--- Supplied records Enclosed Below ---

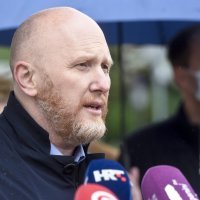 Konferencija za medije kandidata za zagrebačkog gradončelnika Joška Klisovića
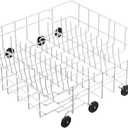 Allstare 808602302 Dishwasher Lower Rack Replacement for Frigidaire Kenmore Dishwasher Parts Lower Dishrack Assembly with 154174501 Wheels 154432602 FDB1050REB0 Dishwasher Bottom Rack -22" x 20.9", 22" x 20.9" x 6.3" 808602302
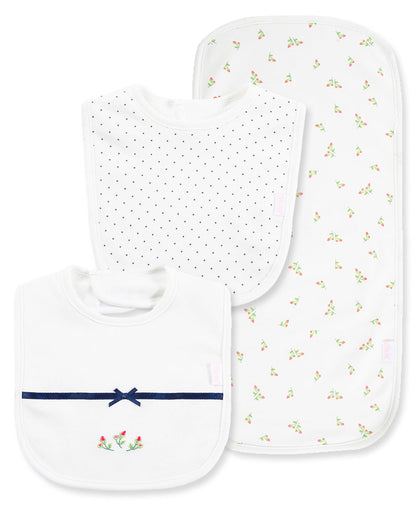 Rosebud Bib & Burp Set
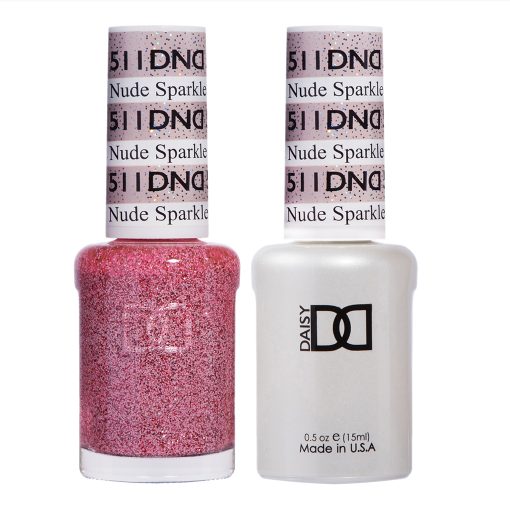 DND Gel Polish & Lacquer - 511 - Nude Sparkle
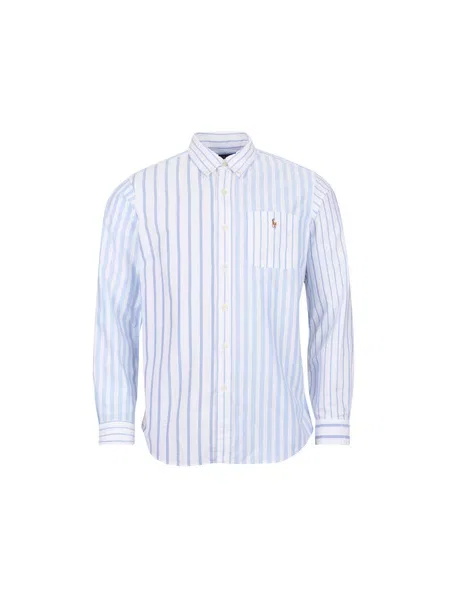 Srajca Polo Ralph Lauren z dolgimi rokavi keper bela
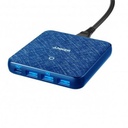 Anker PowerPort Atom III Slim 4 ports 65W &amp; PIQ 3 (Blue Fabric)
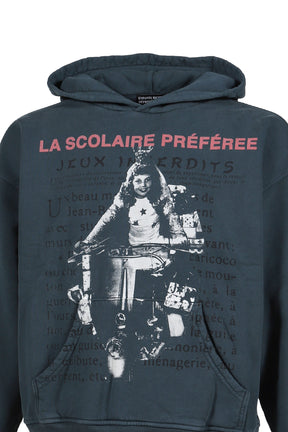 LA SCOLAIRE PR_F_REE HOODIE / DARK FOREST GRN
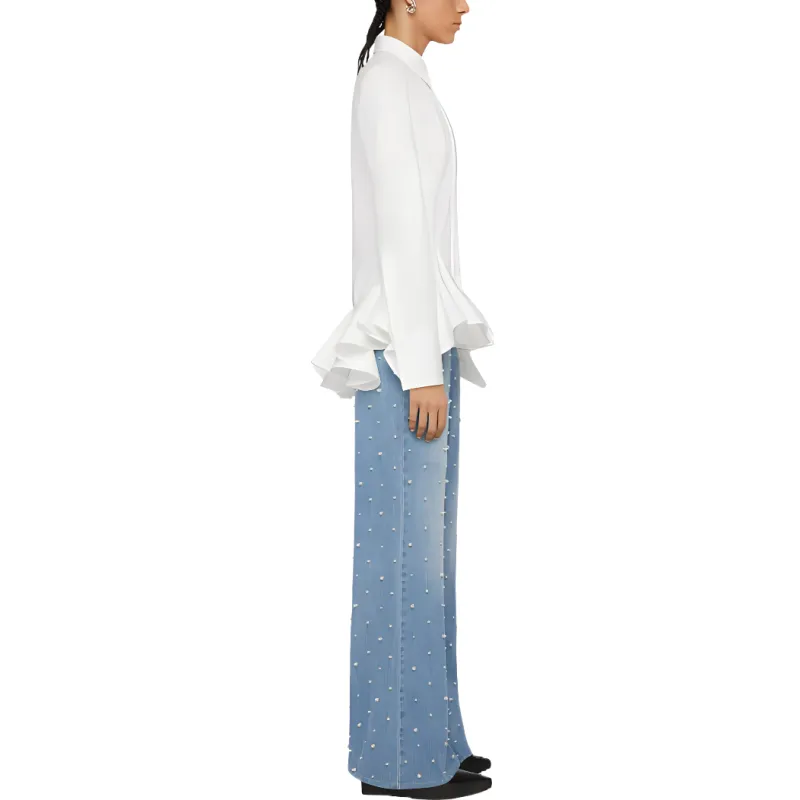 Givenchy Flounces Poplin Shirt-3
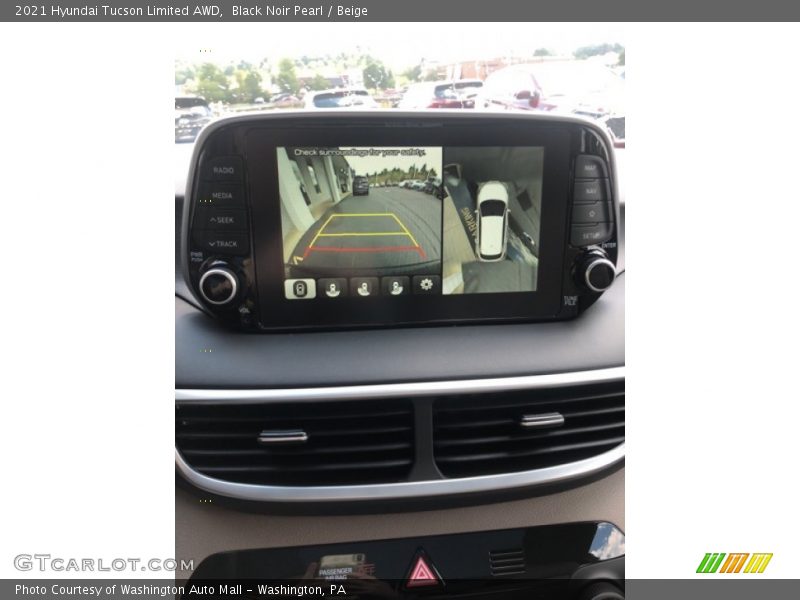 Black Noir Pearl / Beige 2021 Hyundai Tucson Limited AWD
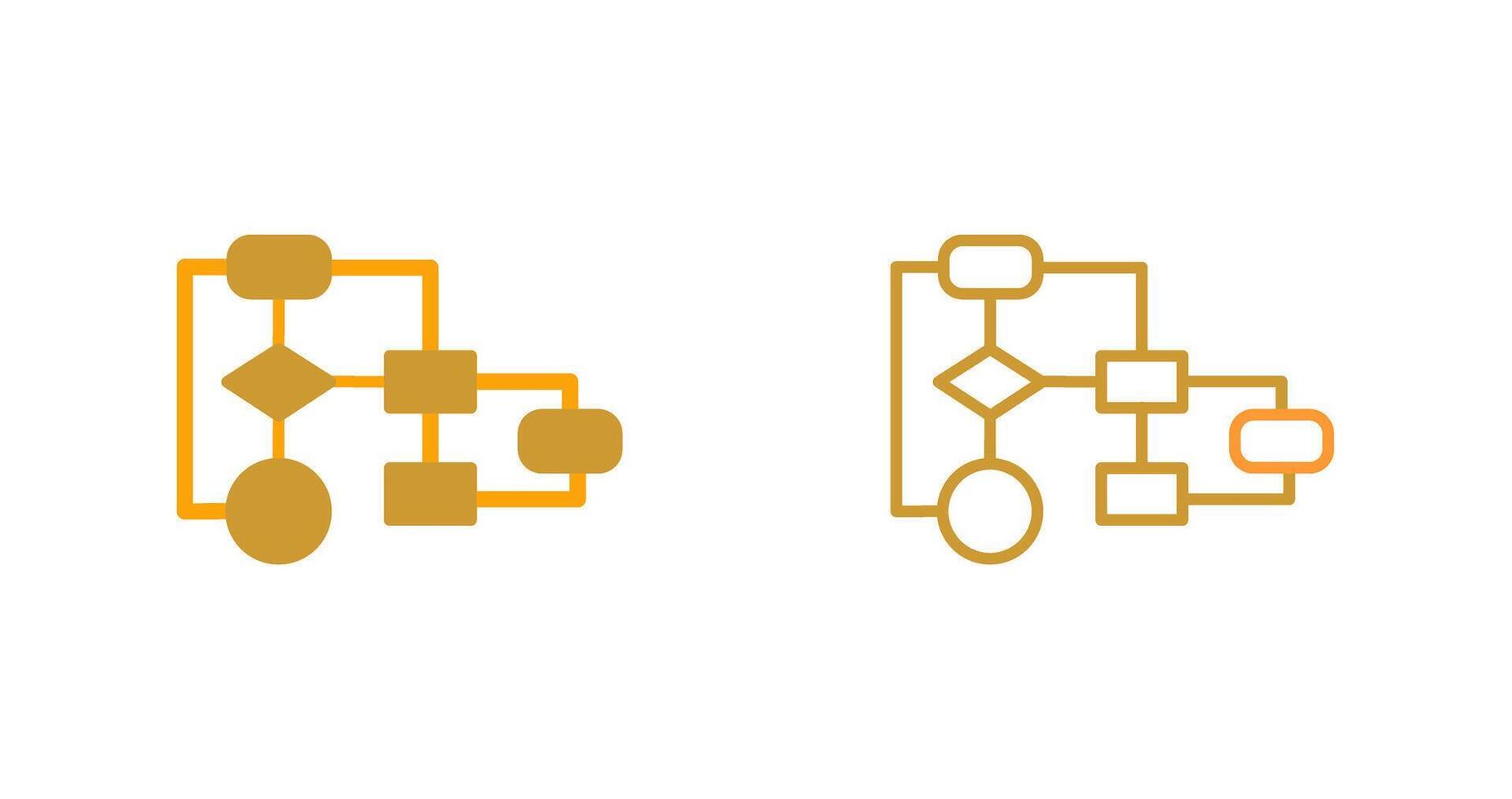 stroomdiagram vector pictogram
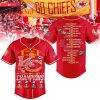 Chiefs Back To Back Super Bowl Champions Gold Home Baseball Jersey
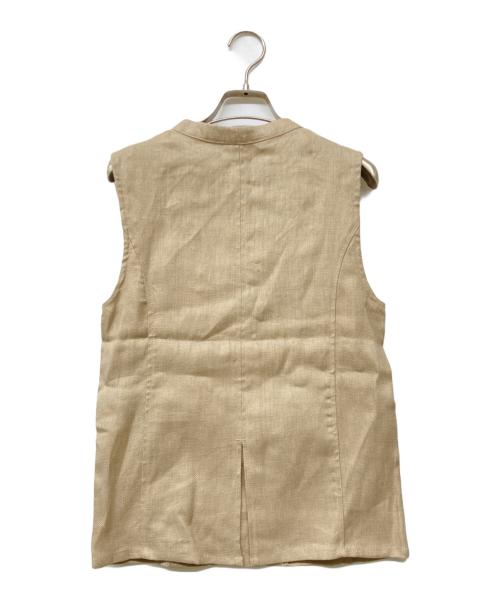 HOWIE Clothing（ハウイクロージング）HOWIE Clothing (ハウイクロージング) linen vest ベージュ サイズ:FREEの古着・服飾アイテム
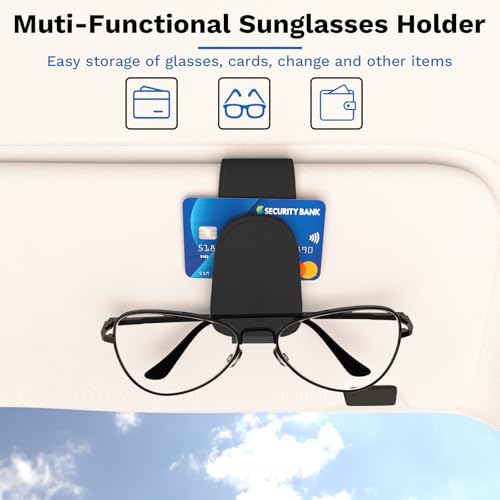 BFXM Sunglass Holder for Car, Car Accessories Interior, Leather - Product Imagery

--- End of Enclosed Supplied records ---

Aim of the exercise —
Everything from the line with "Givenchy Flounces Poplin Shirt-3" through the end of the records above, both ends included, is to be reproduced exactly, and nothing outside that span; the pictures are to be dropped.

Reply to the task —
 Givenchy Flounces Poplin Shirt-3
 Black Noir Pearl / Beige 2021 Hyundai Tucson Limited AWD
 stroomdiagram vector pictogram
 Chiefs Back To Back Super Bowl Champions Gold Home Baseball Jersey
 HOWIE Clothing（ハウイクロージング）HOWIE Clothing (ハウイクロージング) linen vest ベージュ サイズ:FREEの古着・服飾アイテム
 BFXM Sunglass Holder for Car, Car Accessories Interior, Leather - Product Imagery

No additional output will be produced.